• [Exercise objective] In this exercise, copy exactly the lines from the one that contains "istock Holding wooden" through the end of the entries below; pictures are not copied.

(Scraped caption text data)
<<<<

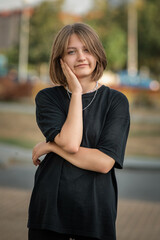 Portrait of a young beautiful fair-haired girl in dark clothes on the street of a summer city.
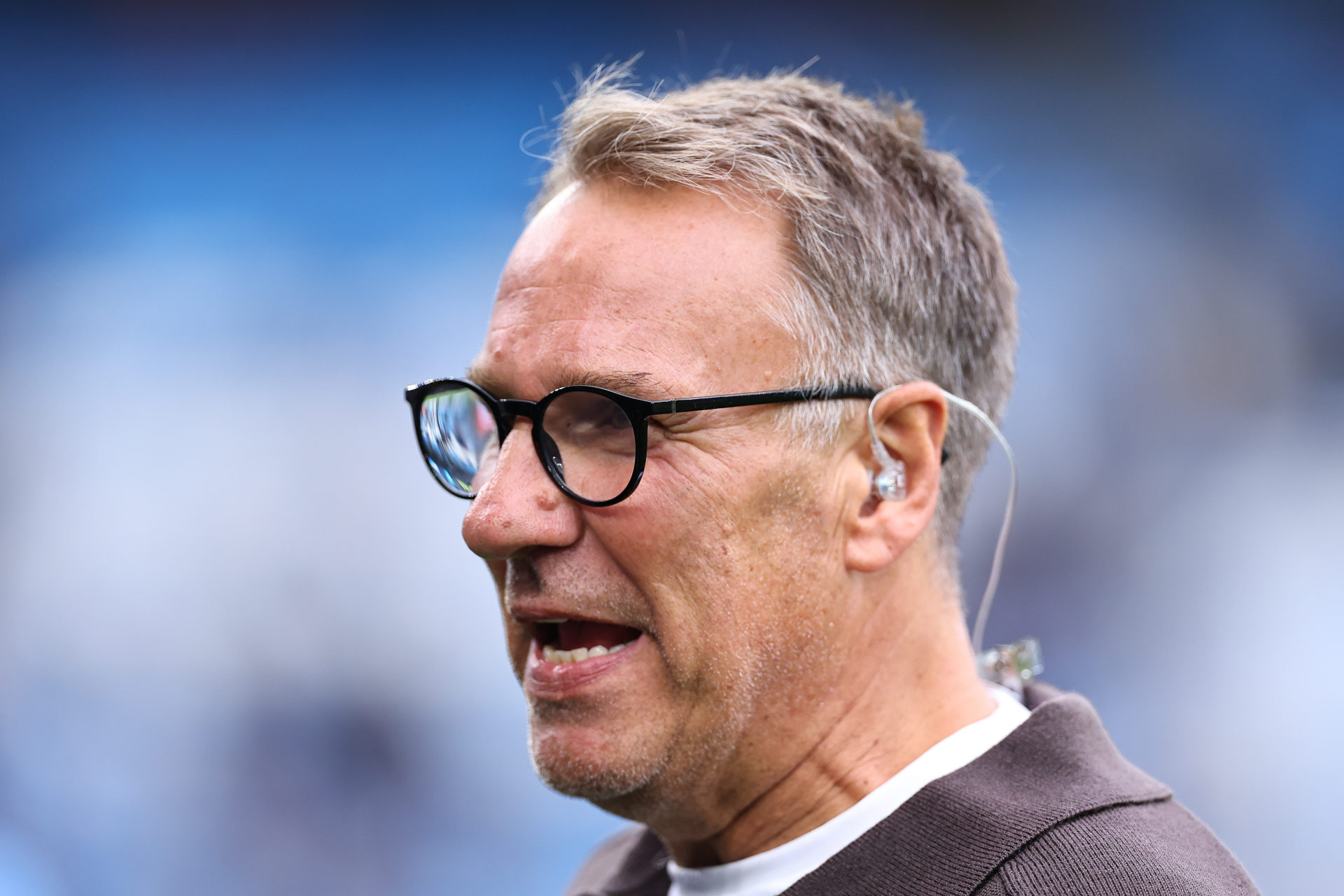 Sky Sports pundit Paul Merson watches on.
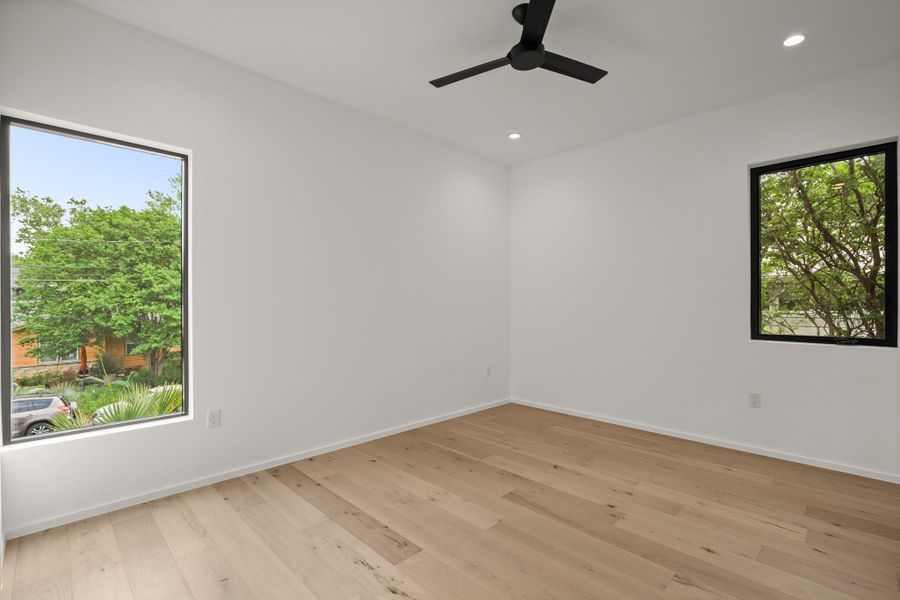 Unfurnished room featuring light wood finished floors, recessed lighting, and ceiling fan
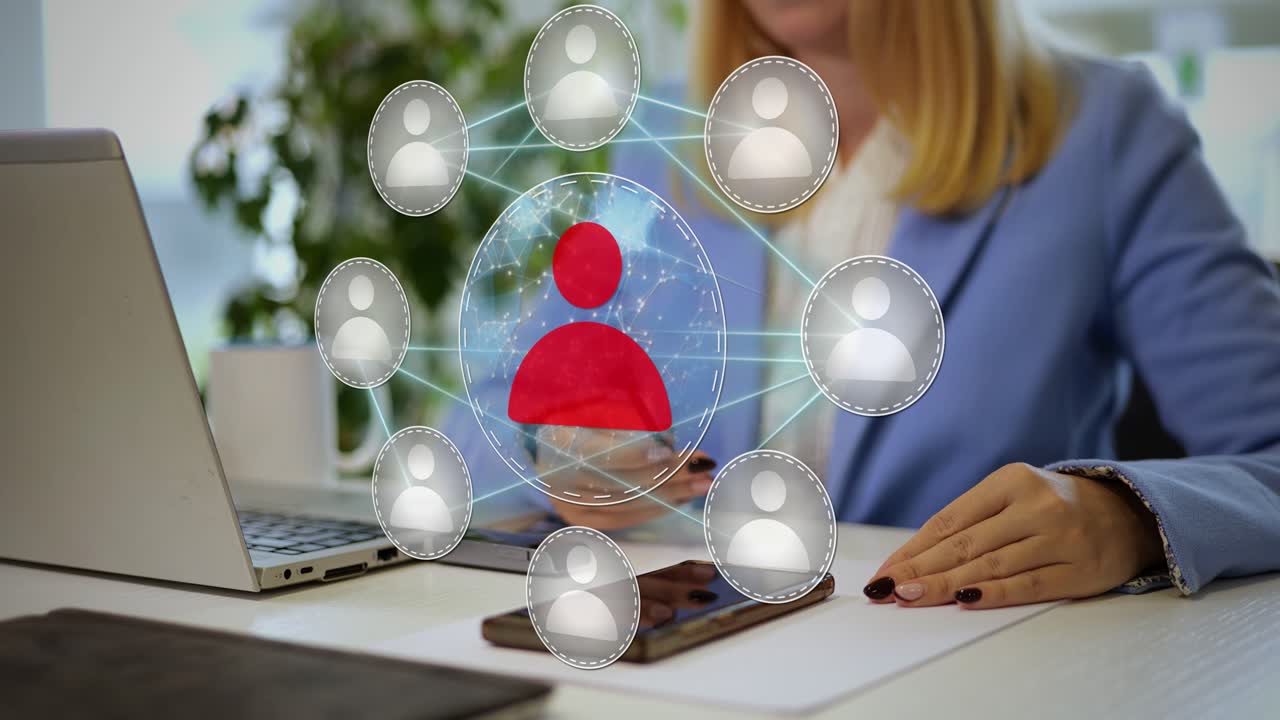 A Lady Works on Her Laptop as a Digital Network Overlay Symbolizes Her Leadership and Connection With Her Team - Close Up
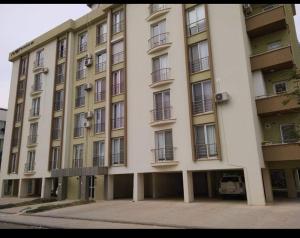 a large white building with balconies on the side of it at Lake View Apartment in Famagusta in Mağusa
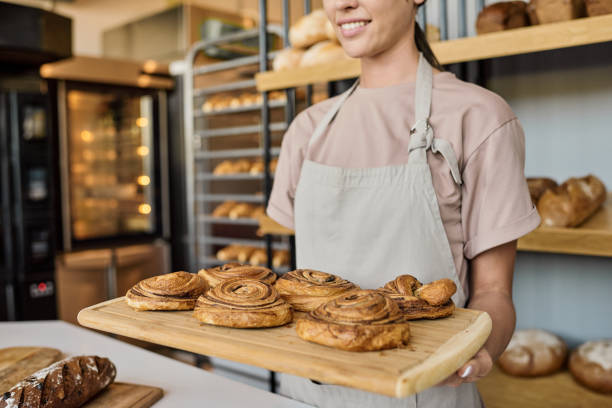 istock Holding wooden tray with fresh appetizing pastry 1340025680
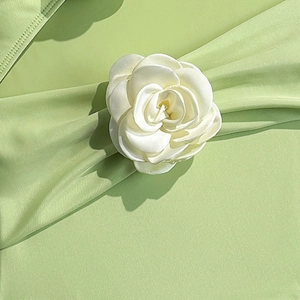 Detail of a 3D cream white fabric rose with soft silk petals on a light green swimsuit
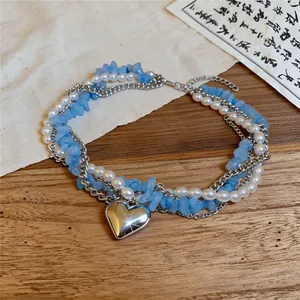 Vue détaillée d'un collier multicouche avec pierres bleues, perles et pendentif cœur.
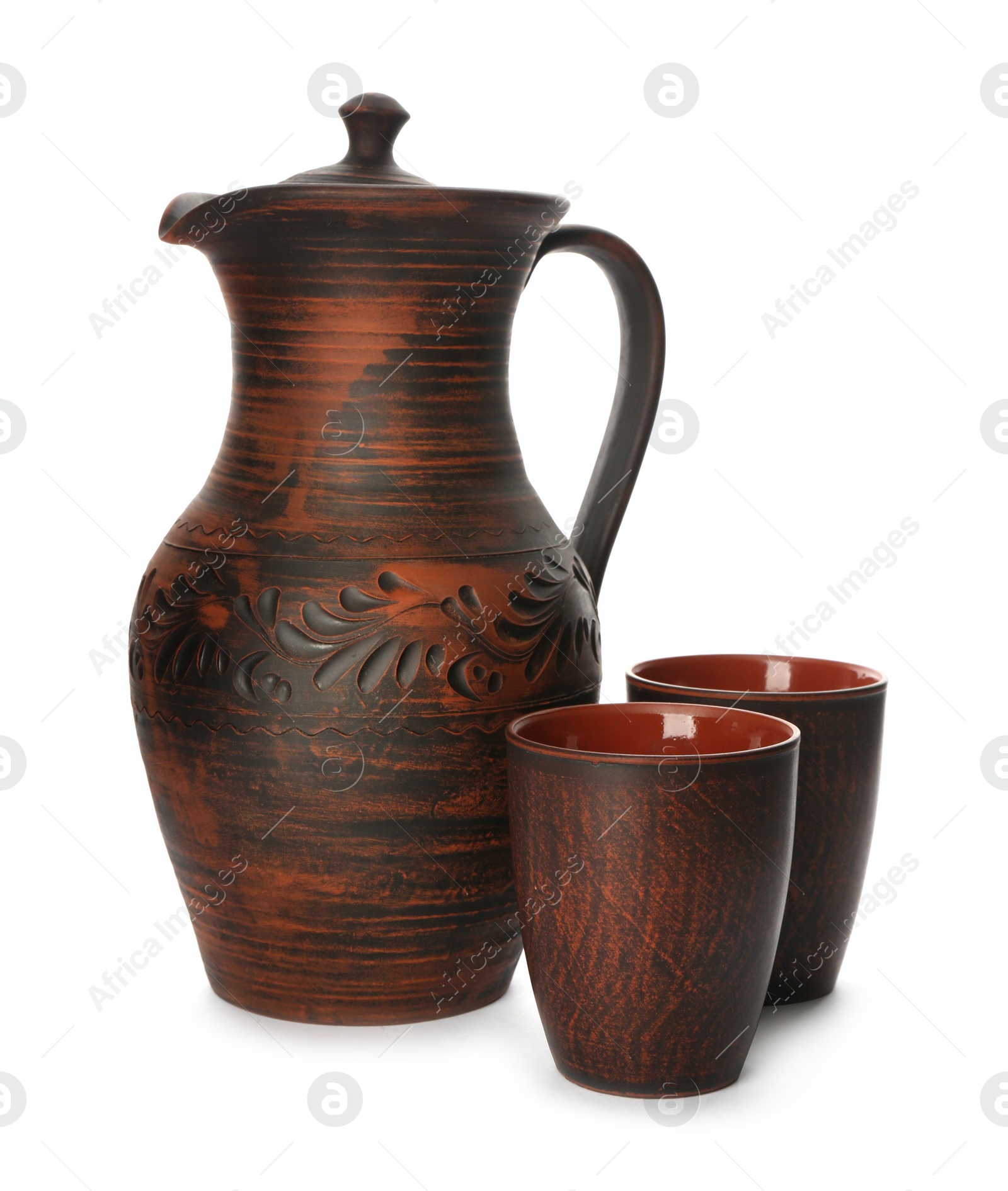 Photo of Brown clay jug and cups on white background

>>>>

• [Task answer]
 istock Holding wooden tray with fresh appetizing pastry 1340025680
 Detail of a 3D cream white fabric rose with soft silk petals on a light green swimsuit
 Vue détaillée d'un collier multicouche avec pierres bleues, perles et pendentif cœur.
 Photo of Brown clay jug and cups on white background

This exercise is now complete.